Checking Inputs are a knowledge base \(KB\) and a data set, and the output are the percentages of data rows for which the outcome could be correctly derived from the input values.

By using the same knowledge base format and by providing a generic interface, these functionalities can be easily combined: learned knowledge bases can be revised and reasoning can be performed on the resulting knowledge bases.

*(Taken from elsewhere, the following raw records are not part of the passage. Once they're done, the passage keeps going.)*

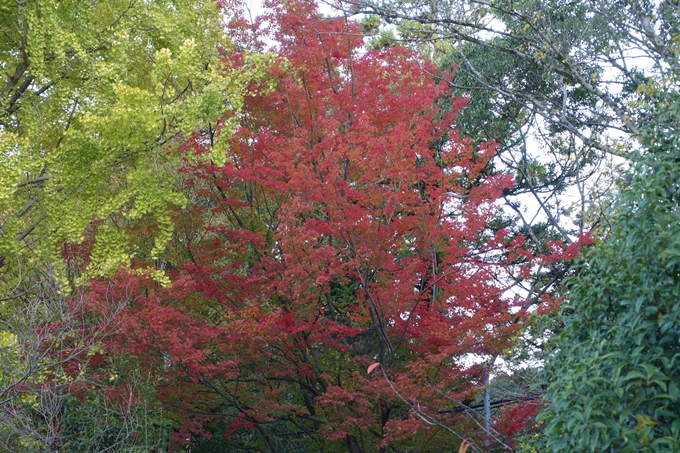 京都_紅葉情報_2019_05　岡崎別院　No9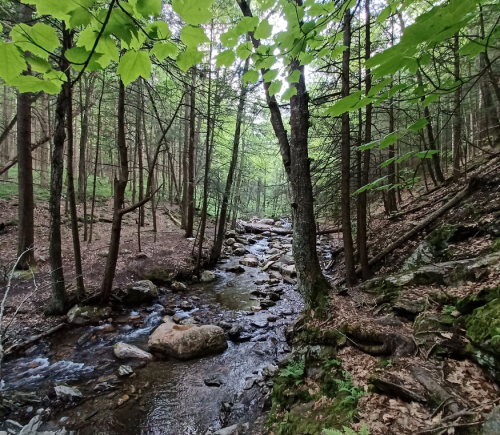 A serene forest scene with a rocky stream surrounded by lush green trees and foliage.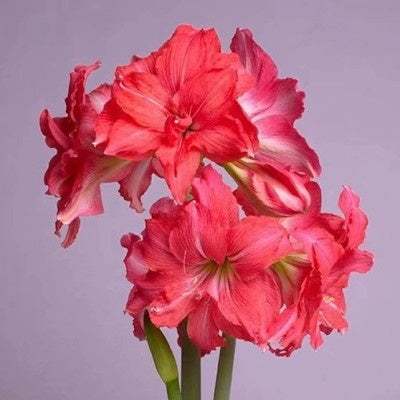 Double-flowered bulbs
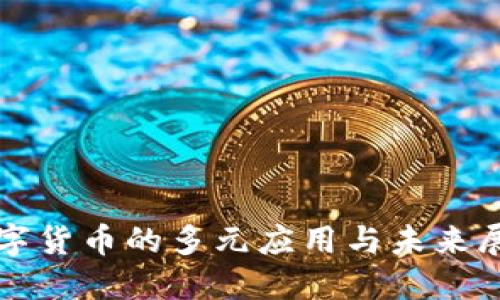 数字货币的多元应用与未来展望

6 Conclusion and Future Work

This dissertation abstract summarized how knowledge can be represented in a comprehensible way and how to learn such representations from (sensory) data. The major results of the dissertation comprise a comprehensible knowledge representation approach, a complete learning algorithm for learning knowledge bases from data as well as efficient revision and reasoning algorithms. These approaches have been used successfully for GVGAI research as well as for the implementation of the InteKRator toolbox to be used in further domains such as medical informatics. Future work could be, e. g., an investigation of when agents should revise extracted knowledge bases rather than relying on the underlying learning approach to quickly adapt to changes of an environment. Moreover, an extension of the inference approach, a study on its inference properties as well as the further development of the InteKRator toolbox could be interesting directions.